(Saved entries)
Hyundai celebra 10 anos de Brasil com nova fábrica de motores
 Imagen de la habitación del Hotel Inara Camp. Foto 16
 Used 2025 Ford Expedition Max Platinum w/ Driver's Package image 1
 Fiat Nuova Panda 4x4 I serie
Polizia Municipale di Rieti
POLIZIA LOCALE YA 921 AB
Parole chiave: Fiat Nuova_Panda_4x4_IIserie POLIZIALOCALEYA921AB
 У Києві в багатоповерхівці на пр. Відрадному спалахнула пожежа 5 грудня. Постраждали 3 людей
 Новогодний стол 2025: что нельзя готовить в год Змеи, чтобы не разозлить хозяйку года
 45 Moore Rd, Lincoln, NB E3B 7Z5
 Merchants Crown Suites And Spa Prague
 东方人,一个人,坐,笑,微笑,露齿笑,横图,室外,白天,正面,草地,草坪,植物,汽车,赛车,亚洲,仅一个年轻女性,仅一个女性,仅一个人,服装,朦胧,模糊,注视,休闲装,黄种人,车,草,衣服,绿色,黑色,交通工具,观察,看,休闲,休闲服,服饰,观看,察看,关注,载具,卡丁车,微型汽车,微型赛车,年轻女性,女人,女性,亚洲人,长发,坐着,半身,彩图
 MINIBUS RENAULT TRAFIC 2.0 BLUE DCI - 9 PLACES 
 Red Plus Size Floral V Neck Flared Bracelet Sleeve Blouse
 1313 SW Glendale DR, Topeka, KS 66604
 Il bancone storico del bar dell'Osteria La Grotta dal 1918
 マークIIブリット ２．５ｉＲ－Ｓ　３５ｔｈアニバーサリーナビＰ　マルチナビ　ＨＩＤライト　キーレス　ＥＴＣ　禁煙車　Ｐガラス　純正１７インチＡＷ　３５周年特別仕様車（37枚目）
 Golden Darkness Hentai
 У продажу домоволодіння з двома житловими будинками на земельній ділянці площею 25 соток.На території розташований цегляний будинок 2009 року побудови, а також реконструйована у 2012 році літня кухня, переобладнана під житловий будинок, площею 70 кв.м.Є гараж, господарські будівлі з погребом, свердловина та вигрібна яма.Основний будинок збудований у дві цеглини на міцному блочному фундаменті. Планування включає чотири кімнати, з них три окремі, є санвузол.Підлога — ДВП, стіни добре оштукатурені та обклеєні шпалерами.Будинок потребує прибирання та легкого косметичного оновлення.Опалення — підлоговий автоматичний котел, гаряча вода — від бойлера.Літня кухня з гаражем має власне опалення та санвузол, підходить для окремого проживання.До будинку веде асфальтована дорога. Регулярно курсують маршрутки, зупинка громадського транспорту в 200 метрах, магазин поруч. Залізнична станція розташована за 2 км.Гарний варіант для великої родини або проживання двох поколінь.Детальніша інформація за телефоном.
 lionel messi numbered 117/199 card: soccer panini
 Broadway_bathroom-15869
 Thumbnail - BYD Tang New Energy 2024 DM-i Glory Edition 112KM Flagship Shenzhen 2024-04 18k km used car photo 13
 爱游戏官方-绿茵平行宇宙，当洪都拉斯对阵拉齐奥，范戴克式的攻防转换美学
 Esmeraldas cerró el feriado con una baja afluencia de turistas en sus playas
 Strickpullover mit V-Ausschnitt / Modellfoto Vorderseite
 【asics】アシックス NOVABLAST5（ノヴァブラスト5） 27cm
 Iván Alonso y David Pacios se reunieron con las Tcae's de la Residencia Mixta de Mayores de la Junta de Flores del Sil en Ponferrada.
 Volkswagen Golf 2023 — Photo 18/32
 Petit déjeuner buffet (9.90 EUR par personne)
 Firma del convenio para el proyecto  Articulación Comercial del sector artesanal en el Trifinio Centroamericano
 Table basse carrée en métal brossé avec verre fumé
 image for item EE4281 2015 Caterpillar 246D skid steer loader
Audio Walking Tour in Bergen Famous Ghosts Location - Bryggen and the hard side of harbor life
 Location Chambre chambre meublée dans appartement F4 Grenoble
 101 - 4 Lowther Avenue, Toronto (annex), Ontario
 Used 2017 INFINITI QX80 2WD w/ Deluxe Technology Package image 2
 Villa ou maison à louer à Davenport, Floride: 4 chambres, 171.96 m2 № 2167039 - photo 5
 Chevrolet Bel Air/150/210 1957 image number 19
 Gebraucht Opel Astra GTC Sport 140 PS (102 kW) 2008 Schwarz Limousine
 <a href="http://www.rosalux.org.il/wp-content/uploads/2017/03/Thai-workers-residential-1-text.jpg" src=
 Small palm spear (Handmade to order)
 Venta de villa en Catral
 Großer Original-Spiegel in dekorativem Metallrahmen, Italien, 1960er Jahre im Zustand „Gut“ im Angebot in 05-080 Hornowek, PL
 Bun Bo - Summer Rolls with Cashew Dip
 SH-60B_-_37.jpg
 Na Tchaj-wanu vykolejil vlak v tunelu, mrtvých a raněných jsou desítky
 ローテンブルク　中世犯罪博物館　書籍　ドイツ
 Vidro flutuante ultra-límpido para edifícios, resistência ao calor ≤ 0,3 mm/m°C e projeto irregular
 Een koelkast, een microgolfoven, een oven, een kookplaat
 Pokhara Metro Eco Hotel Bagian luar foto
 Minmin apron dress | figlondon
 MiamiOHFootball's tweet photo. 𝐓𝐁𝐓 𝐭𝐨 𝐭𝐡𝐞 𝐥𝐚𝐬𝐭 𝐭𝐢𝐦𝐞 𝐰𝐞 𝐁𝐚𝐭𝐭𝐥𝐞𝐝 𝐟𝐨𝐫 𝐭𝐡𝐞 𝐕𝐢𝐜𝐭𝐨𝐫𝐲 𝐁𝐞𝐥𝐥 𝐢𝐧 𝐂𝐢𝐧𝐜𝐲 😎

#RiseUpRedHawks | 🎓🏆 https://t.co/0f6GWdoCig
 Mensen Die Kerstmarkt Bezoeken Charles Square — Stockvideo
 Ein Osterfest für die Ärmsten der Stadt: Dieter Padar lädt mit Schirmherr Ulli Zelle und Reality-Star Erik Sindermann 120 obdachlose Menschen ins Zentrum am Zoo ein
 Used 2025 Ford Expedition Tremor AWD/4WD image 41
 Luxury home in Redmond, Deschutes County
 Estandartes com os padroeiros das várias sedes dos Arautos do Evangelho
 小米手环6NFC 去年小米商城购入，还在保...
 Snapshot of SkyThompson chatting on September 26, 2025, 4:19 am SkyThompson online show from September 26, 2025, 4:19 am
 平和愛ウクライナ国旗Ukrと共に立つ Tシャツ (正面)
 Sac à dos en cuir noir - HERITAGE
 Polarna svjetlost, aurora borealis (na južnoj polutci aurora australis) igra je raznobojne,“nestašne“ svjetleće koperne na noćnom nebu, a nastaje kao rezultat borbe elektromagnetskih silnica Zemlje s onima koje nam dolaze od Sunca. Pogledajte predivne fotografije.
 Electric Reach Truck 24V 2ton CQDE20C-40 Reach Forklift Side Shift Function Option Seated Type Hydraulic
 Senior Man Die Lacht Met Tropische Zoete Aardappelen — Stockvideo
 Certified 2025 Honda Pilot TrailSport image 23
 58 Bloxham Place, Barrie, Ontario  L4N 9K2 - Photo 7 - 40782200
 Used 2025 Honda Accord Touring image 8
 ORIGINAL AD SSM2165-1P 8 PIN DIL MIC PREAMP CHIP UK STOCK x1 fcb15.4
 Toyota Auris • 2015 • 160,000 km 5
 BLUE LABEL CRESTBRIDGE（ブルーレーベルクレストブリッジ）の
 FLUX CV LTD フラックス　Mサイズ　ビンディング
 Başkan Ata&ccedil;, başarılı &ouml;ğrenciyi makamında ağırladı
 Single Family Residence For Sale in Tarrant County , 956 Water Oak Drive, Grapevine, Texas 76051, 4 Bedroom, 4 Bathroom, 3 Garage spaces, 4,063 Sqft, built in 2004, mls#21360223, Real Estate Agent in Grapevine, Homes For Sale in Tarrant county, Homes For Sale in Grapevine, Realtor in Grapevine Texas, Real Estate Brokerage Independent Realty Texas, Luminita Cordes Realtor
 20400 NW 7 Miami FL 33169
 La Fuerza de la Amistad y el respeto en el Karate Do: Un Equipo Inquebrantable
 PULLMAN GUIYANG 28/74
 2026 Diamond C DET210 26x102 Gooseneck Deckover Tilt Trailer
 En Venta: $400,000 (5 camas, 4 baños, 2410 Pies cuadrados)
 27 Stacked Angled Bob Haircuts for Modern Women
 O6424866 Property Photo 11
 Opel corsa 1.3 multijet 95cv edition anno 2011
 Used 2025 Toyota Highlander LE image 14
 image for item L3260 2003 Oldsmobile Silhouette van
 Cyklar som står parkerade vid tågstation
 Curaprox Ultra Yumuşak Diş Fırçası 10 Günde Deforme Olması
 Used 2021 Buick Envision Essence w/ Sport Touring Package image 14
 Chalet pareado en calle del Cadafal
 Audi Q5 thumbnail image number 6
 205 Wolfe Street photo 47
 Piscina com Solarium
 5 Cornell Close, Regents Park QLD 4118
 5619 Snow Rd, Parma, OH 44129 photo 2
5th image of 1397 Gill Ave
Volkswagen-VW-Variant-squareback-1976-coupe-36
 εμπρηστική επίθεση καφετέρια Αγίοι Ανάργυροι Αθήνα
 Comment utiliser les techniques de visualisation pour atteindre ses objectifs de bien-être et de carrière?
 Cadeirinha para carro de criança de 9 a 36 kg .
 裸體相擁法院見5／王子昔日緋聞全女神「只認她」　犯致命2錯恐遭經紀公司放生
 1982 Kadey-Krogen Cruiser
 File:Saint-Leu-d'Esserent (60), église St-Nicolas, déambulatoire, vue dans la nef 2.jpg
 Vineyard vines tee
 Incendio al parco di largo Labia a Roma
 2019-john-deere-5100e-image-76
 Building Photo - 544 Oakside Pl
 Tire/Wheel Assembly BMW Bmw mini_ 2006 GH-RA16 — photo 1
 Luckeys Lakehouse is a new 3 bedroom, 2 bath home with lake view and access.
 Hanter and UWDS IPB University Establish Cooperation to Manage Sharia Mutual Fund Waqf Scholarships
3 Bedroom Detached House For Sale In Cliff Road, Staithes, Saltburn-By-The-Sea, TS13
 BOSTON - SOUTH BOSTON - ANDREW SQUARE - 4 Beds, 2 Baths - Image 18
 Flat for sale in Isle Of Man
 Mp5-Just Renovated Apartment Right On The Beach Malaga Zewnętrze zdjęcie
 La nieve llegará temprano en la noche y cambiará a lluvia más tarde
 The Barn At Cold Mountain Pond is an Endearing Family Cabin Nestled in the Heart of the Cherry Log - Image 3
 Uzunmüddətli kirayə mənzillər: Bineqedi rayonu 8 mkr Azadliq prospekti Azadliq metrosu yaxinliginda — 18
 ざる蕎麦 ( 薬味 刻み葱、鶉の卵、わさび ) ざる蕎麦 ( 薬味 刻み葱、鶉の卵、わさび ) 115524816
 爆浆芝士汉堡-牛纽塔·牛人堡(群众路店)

◆ PROBLEM STATEMENT ◆
Look above for the line with "Villa ou maison" and the line with "Minmin apron dress | figlondon". Retype those two lines and every line between them exactly, adding nothing.

◆ RESPONSE TO THE EXERCISE ◆
 Villa ou maison à louer à Davenport, Floride: 4 chambres, 171.96 m2 № 2167039 - photo 5
 Chevrolet Bel Air/150/210 1957 image number 19
 Gebraucht Opel Astra GTC Sport 140 PS (102 kW) 2008 Schwarz Limousine
 <a href="http://www.rosalux.org.il/wp-content/uploads/2017/03/Thai-workers-residential-1-text.jpg" src=
 Small palm spear (Handmade to order)
 Venta de villa en Catral
 Großer Original-Spiegel in dekorativem Metallrahmen, Italien, 1960er Jahre im Zustand „Gut“ im Angebot in 05-080 Hornowek, PL
 Bun Bo - Summer Rolls with Cashew Dip
 SH-60B_-_37.jpg
 Na Tchaj-wanu vykolejil vlak v tunelu, mrtvých a raněných jsou desítky
 ローテンブルク　中世犯罪博物館　書籍　ドイツ
 Vidro flutuante ultra-límpido para edifícios, resistência ao calor ≤ 0,3 mm/m°C e projeto irregular
 Een koelkast, een microgolfoven, een oven, een kookplaat
 Pokhara Metro Eco Hotel Bagian luar foto
 Minmin apron dress | figlondon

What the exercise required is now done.